NEHA NARULA: OK, I didn't know that those weren't included in the UTXO. So that's good. So then it doesn't boat the UTXO set, it just goes in the blockchain. And you paid the fee to put your transaction in the blockchain. So good for you. Yes.

AUDIENCE: What's the architectural logic for having a specific set of opcodes that Bitcoin can run? Why not use a more general programming language? Is it just to have control?

NEHA NARULA: That's a great question. So why have this weird Op code thing, right? I mean, what kind of sense does this make? So the problem with the general programming language is it's really easy to shoot yourself in the foot. It's really easy to write a program that you think-- how many of you have had a bug in your program ever? Please, all of you should probably raise their hands, right?

[CHUCKLING]

And how many of you have had bugs in your program that showed up a lot later than you thought they would, when you thought your program didn't have any bugs? So these things, once you put them out there, these scriptPubKeys and script tag, once you put these transactions out there, they're out there. You cannot take them back-- well, not easily. And they might execute in ways that you didn't anticipate them executing. The more complicated the script you write, the more likely it is that there's some hole in your script, some way of satisfying it that you didn't anticipate, that could end up stealing your money.

So with a general programming language, well, you might think, oh, well, these OP codes are super tricky and weird, and I don't understand them, at least with the general programming language, I'm more likely to write correct things, right? Eh.

[CHUCKLING]

Actually, having this strange opcode language has a lot of benefits. So number one, it's not Turing-complete. You know exactly how much CPU it is going to take to run these scripts because of the nature of the opcodes and the language. There's no FOR loops in here. You know you can't just run a WHILE that takes forever.

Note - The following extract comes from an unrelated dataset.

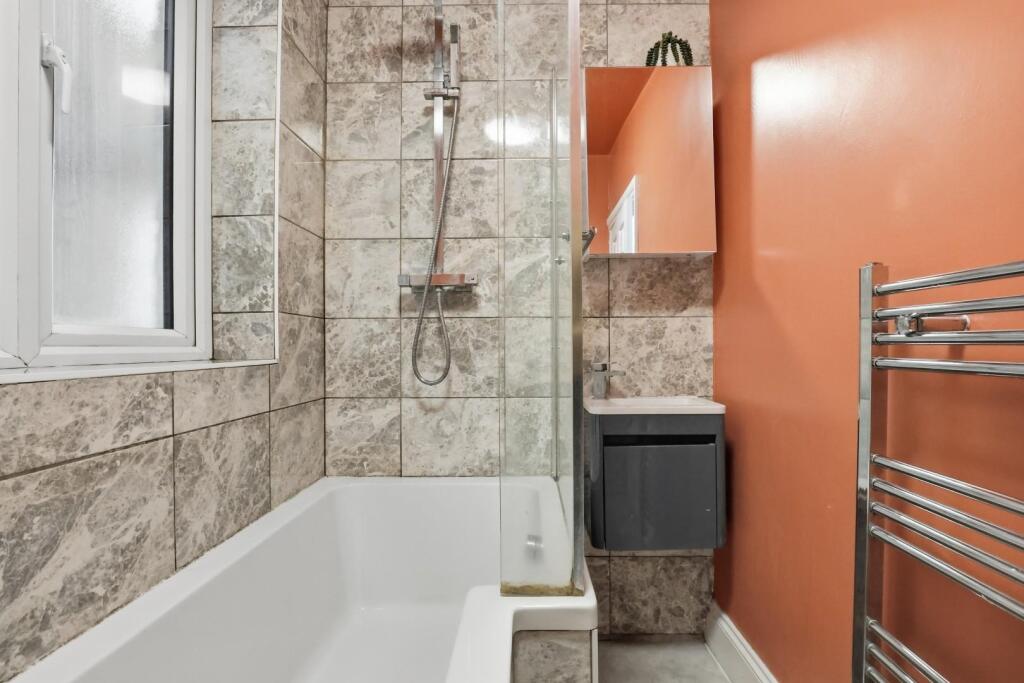 03-174cJHPropWpen - Flat 4, Malcolm Close (Bathroo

This is a stack-based language. And so it's very easy to tell how long a transaction is actually going to take to execute. And this is really important, because every node in the network has to execute these things. So you don't want a script sneaking in there that's going to take hours to execute.

It's also-- you can look at the number of opcodes in the script, and like I said, get a rough sense of how expensive it's going to be. And that's why there are limits on the number of opcodes you can have in a script. It's very difficult to do that if you have a more general programming language. So those are a couple of reasons.

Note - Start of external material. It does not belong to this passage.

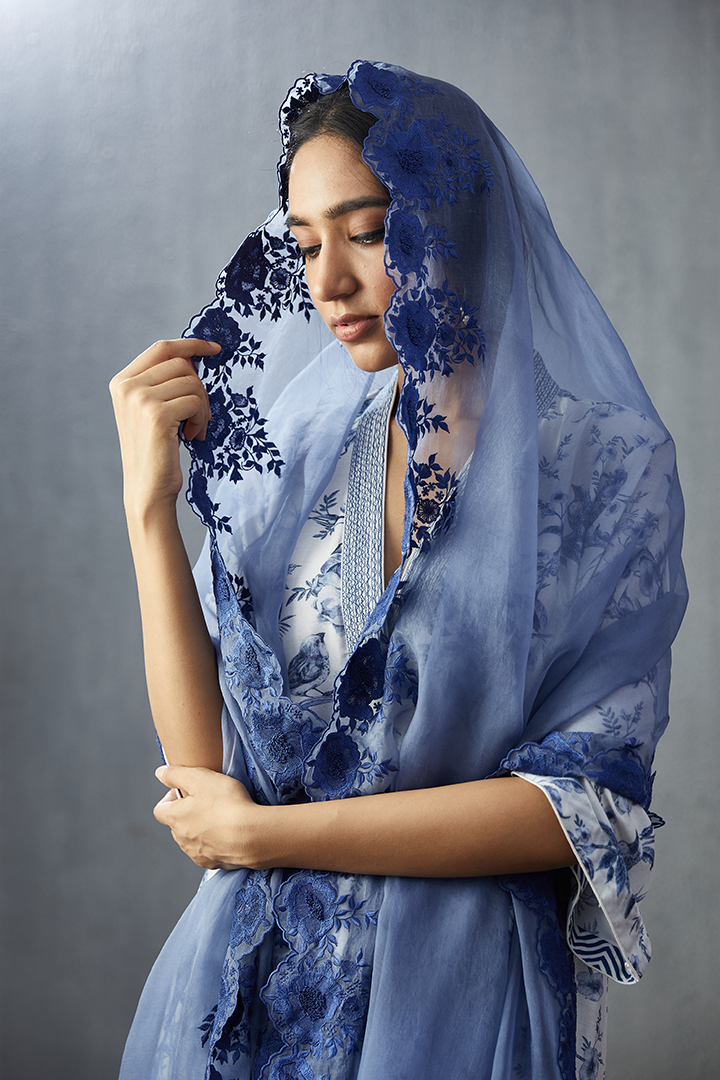 Neeli Gauraiya Geetha Kurta Set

And I mean, I think it's important to point out that Ethereum, which does have a more general programming language, there are constantly problems popping up where people are taking advantage of transact of contracts, even fairly well-understood ones-- or we thought they were well understood-- and figuring out how to freeze people's funds or steal people's funds. So that's the motivation behind this sort of strange, stack-based opcode language. Are there any other questions? Yeah, back there.

AUDIENCE: You talked about unspendable transactions outputs.

NEHA NARULA: Outputs, Yes.

AUDIENCE: Could you comment on colored coins?

NEHA NARULA: Oh, colored coins-- no comment on colored coins. I don't understand them well enough to talk about them right now. Yeah. What did you--

TADGE DRYJA: I would say one other thing. Most of the-- a lot of the cool opcodes are disabled. So it's very limited. It seems like you-- there's a list of, here's all these opcodes. Oh, I can multiply numbers together. That's disabled. [INAUDIBLE]

NEHA NARULA: Yeah. And I do want to stress, when you're dealing with real money-- so not in the lab for this class-- you want to stick with very standard scripts. You don't want to write super-crazy, weird, tricky scripts, or if you do, you want to get them vetted very carefully. Yes.

AUDIENCE: Who is disabling and enabling these things?

NEHA NARULA: Great question. So there are two levels at which things can be enabled or disabled in Bitcoin. So first, there's the validation rules, so what makes a transaction valid or not valid. Meaning that if a transaction is invalid and it's in a block, that whole block is invalid. If a transaction is invalid and in a block, and that block is in a blockchain, that entire blockchain is invalid. So there's that level.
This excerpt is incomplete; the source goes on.